Pecundang!
Begitu mereka memanggilku, mengolok-olok tepat di depan wajahku. Aku hanya bisa menghela napas gusar. ya, memang begitulah kenyataannya.
Au seorang pecundang!
Satu sekolah pun tahu kalau aku tak bisa apa-apa.
Kalian pikir aku hanya akan diam saja sementara harga diri diinjak-injak setiap hari?
Jawabannya ... Iya!
Karena aku terlalu takut, aku terlalu pengecut untuk melawan tatapan memangsa teman-teman sekolahku.

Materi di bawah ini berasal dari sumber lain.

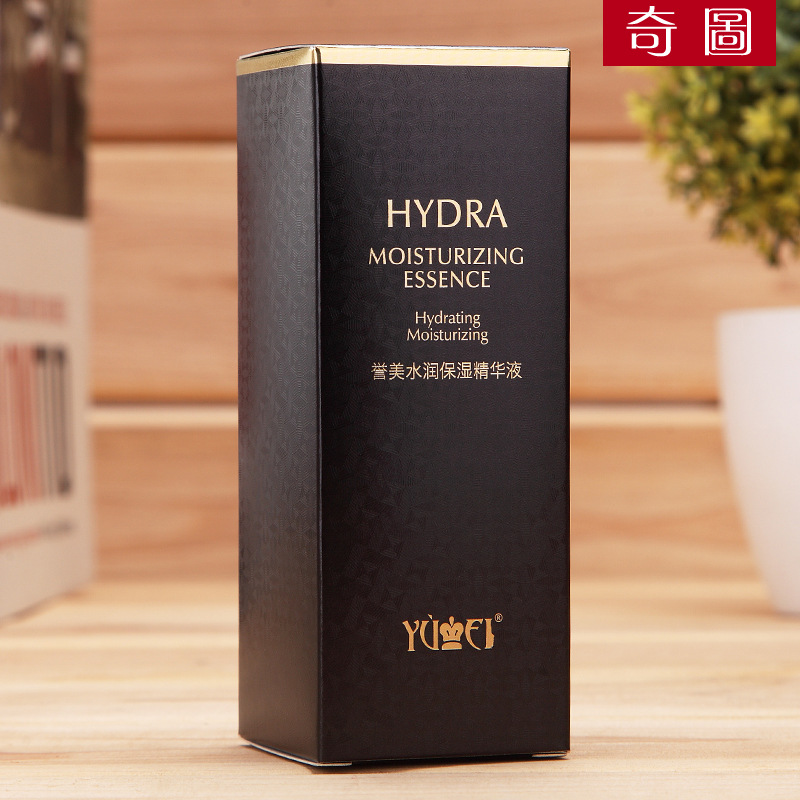 彩盒紙盒定制 高檔磨砂UV精油化妝品護膚品面膜銀卡紙包裝盒定做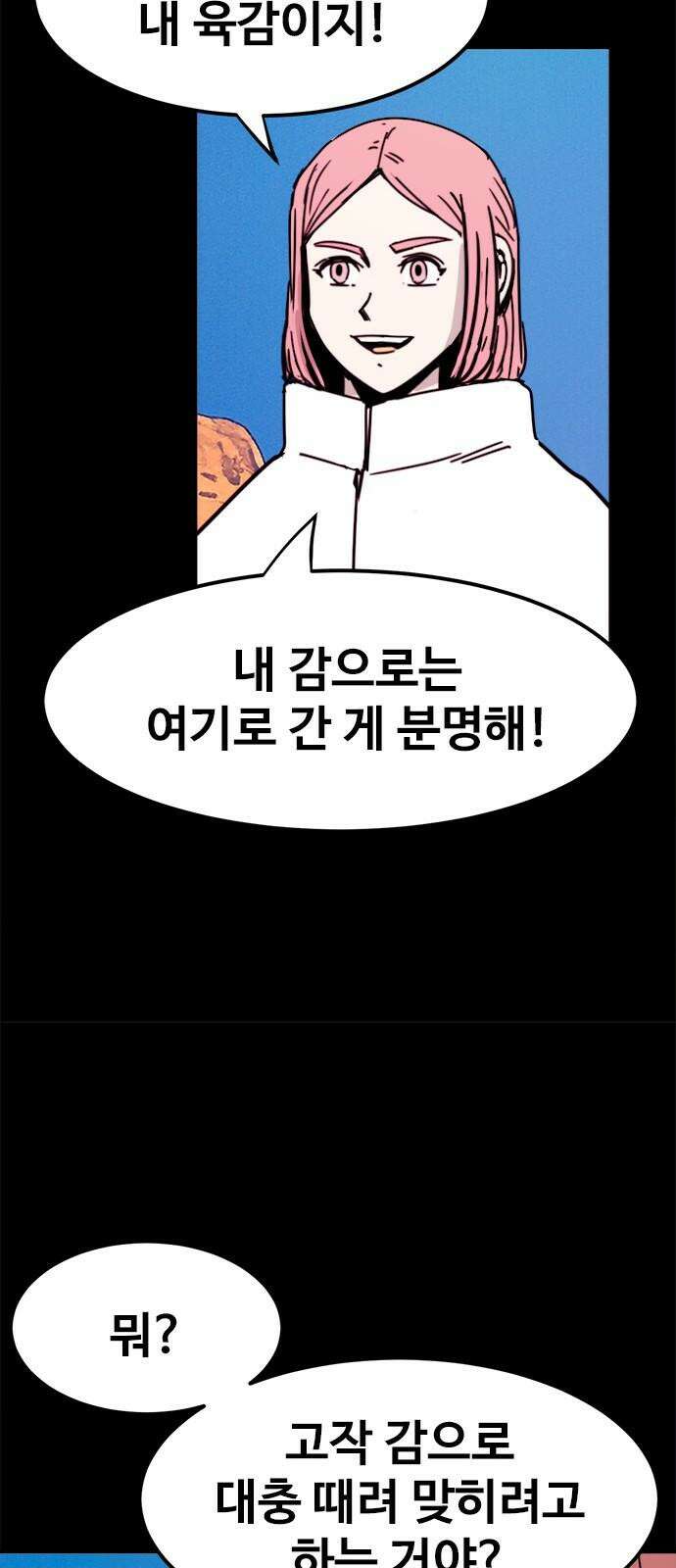 카루나 231． 폐쇄된 시설 7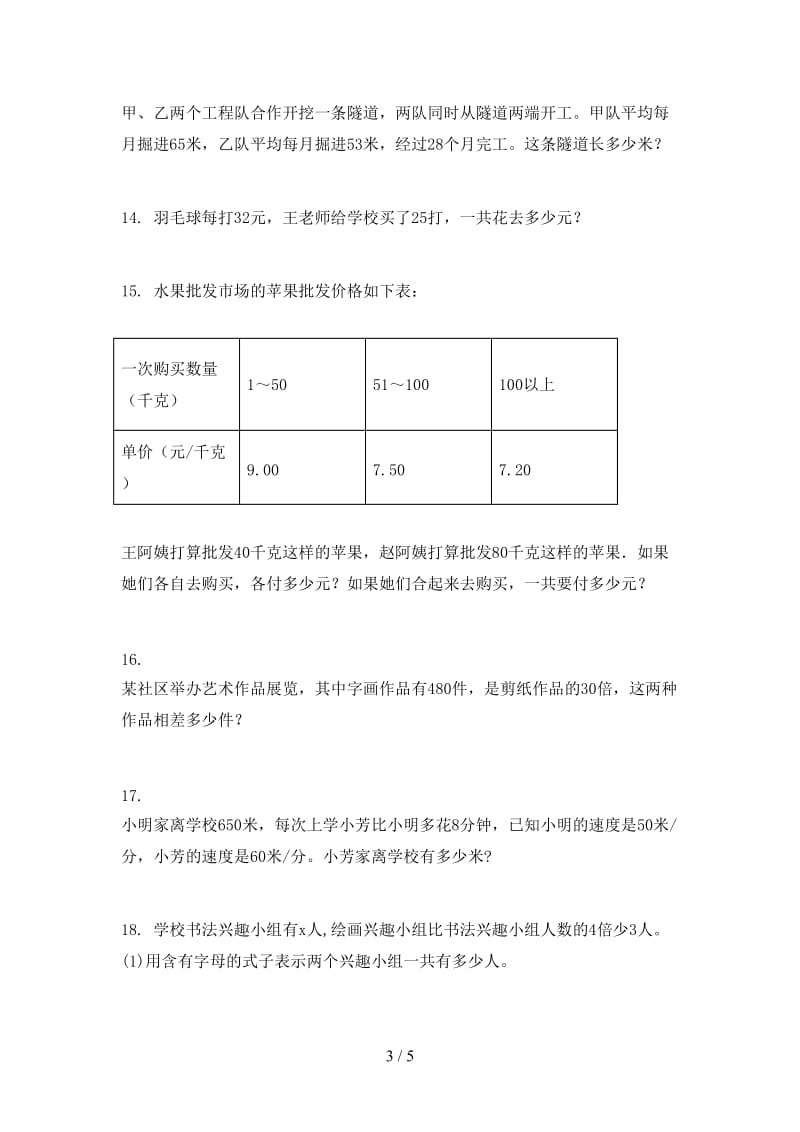 2021小学四年级数学上册专项应用题与解决问题知识点天天练北师大.doc_第3页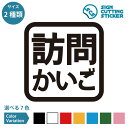 訪問かいご シール ステッカー カッティングステッカー 【150~200mmサイズ】安全運転 福祉車両 介護車両 介護 支援センター ヘルパー サービス 訪問 老人ホーム 店舗 施設 オフィス 賃貸 ドア 扉 床 壁 壁掛け 入口 窓 ガラス 屋外 光沢タイプ・防水 耐水・屋外耐候3~4年
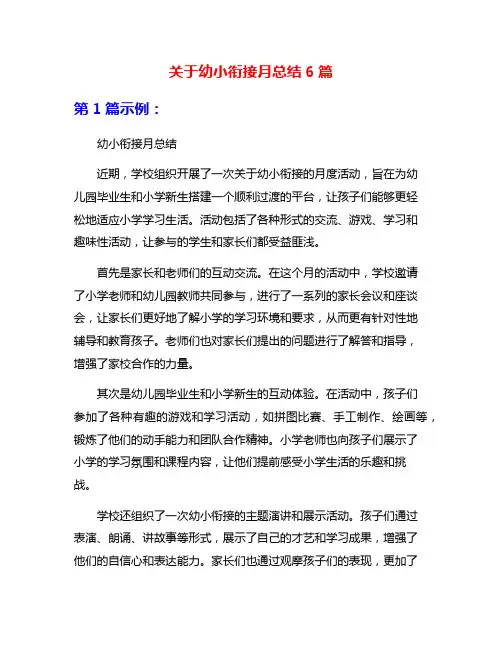 关于幼小衔接月总结6篇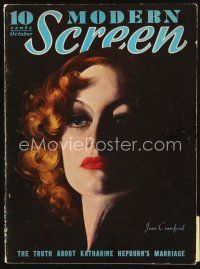5e098 MODERN SCREEN magazine October 1933 wonderful artwork portrait of Joan Crawford!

"Aw!" Aku meringis saat Sisil menjambak rambutku.
"Masih berani lo sama gue?" tanya Sisil dengan tatapan merendahkannya, ada lebih dari 3 pasang mata yang menatapku iba tanpa melakukan apa-apa. Dan selebihnya, menatapku remeh dan ada juga yang menatapku jenaka.
"A-ampun, Sil," erangku saat Sisil menjambak rambutku dengan gemas.
"Heh! Denger ya, lo itu–"
Cekrek!
Sisil membeku, begitu juga dengan 12 orang yang ada di lorong tempatku dihakimi Sisil.
"Nice!" seru seseorang, dapat kulihat seorang cowok tengah berjalan ke arah kami–aku dan Sisil–melewati kelompok Sisil yang terpaku di tempat.
Cowok itu mengarahkan kamera yang ia bawa ke arah Sisil yang belum memahami situasi ini.
Karena ...
Satu, jam pulang sudah lewat hampir 1 jam yang lalu .
Dua, ini di lantai 3, dan untuk ke lantai ini perlu menaiki satu-satunya tangga yang ada di depan Sisil, dan lagi ada pintu yang sudah dikunci oleh kelompoknya.
"Siapa lo?" tanya Sisil pada cowok yang berdiri di sampingnya. Sisil mendorongku ke belakang hingga aku terjatuh.
"Lo ngebully cewek ini?" tanya cowok itu acuh sambil melirik ku. Ini pertama kalinya bagiku. Maksud ku ... selama ini orang-orang selalu pura-pura tuli dan buta saat aku diperlakukan semena-mena oleh Sisil dan gengnya.
"Bukan urusan elo!" Sisil menatap angkuh cowok yang mengenakan jaket hitam, membungkus tubuh tegaknya.
"Oh, jadi lo tipe cewek pemenang yang ngerasa paling hebat karena bisa nindas seseorang tanpa masuk ruang BK?"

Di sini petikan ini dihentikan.